どんな話があったのか、本欄で少しご紹介したいと思います。


▼「保護」と「活用」のバランス

まず今回の講演で印象に残ったのが、「保護」と「活用」のバランスについてです。著作権課は法改正を行う課であると。しかし法制度の整備は重要だが、運用は伴わないとだめ。籾井前課長は、海賊版対策で補正予算を獲得した例などをあげ、著作権の実質的な運用に拘って行政を運営してきた点などを述べておりました。なるほど、確かにそうです。


著作権制度の根本理念は、著作物を創作した人の権利を守ることと、それを社会が円滑に利用できることの調和にあります。このバランスこそが著作権制度の根幹です。近年はAIやデジタルネットワーク技術の進展により、そのバランスの取り方がますます高度で繊細な判断を求められるようになってきています。


一括りに運用といっても、実際は大変なんだろうな、と感じました。


▼「未管理著作物裁定制度」の実現に向けて

2023年の著作権法改正で創設され、2026年4月の施行を控える「未管理著作物裁定制度」。

これは、著作権者と連絡が取れず、利用の可否が不明な著作物について、一定の手続を経ることで補償金を支払って利用可能とする制度です。

この制度が実現すれば、古い書籍や地方の文化財、映像資料などの活用が大きく進むことになります。


文化庁では現在、裁定の手続きを担う「登録確認機関」や補償金を管理する「指定補償金管理機関」の整備、裁定補償金額のシミュレーションシステムの構築、「分野横断権利情報検索システム」の公開準備など、制度のインフラ整備を着実に進めているとのことでした。

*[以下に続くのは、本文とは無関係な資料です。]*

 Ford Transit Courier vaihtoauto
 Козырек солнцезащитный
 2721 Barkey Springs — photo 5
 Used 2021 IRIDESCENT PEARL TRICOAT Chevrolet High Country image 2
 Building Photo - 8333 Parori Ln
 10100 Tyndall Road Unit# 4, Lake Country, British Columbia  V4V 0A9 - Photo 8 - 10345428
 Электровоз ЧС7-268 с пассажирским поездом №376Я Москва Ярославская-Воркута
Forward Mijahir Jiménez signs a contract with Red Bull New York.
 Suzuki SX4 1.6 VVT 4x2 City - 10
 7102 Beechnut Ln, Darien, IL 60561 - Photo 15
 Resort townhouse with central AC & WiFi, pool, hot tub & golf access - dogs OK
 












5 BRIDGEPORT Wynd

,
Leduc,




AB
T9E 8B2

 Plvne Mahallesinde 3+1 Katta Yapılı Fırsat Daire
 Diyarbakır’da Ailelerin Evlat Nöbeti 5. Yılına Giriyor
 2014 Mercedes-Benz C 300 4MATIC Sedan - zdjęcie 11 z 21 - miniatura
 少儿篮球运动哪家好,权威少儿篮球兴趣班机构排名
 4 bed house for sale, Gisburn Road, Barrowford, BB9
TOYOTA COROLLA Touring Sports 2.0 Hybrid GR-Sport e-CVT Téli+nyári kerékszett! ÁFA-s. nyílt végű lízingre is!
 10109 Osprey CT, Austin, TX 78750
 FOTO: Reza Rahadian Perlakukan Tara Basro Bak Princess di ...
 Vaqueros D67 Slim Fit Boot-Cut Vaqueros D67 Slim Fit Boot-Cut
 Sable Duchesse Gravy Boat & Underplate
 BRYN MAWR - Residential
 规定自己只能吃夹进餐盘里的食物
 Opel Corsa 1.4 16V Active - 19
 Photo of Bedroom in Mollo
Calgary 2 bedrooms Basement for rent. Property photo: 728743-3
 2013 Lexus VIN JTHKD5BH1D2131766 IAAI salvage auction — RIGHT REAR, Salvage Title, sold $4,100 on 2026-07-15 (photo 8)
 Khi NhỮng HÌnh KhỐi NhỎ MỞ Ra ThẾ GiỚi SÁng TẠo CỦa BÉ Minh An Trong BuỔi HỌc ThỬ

行政が民間の実務と連携しながら、円滑な制度運用をめざす姿勢には好感が持てます。

しかし一方で、作家・クリエイター側からは、本制度に対し、「勝手に作品が利用されるようになってしまう」という根強い不安があるのも現実です。

こうした声に行政書士もしっかりと、制度の周知と実務対応に協力していく必要があると感じました。


▼AIと著作権について

現在、著作権制度の中で最も注目を集めているのが「生成AIと著作権」の問題です。籾井氏は、このテーマについてもかなりの時間を割いて説明されていました。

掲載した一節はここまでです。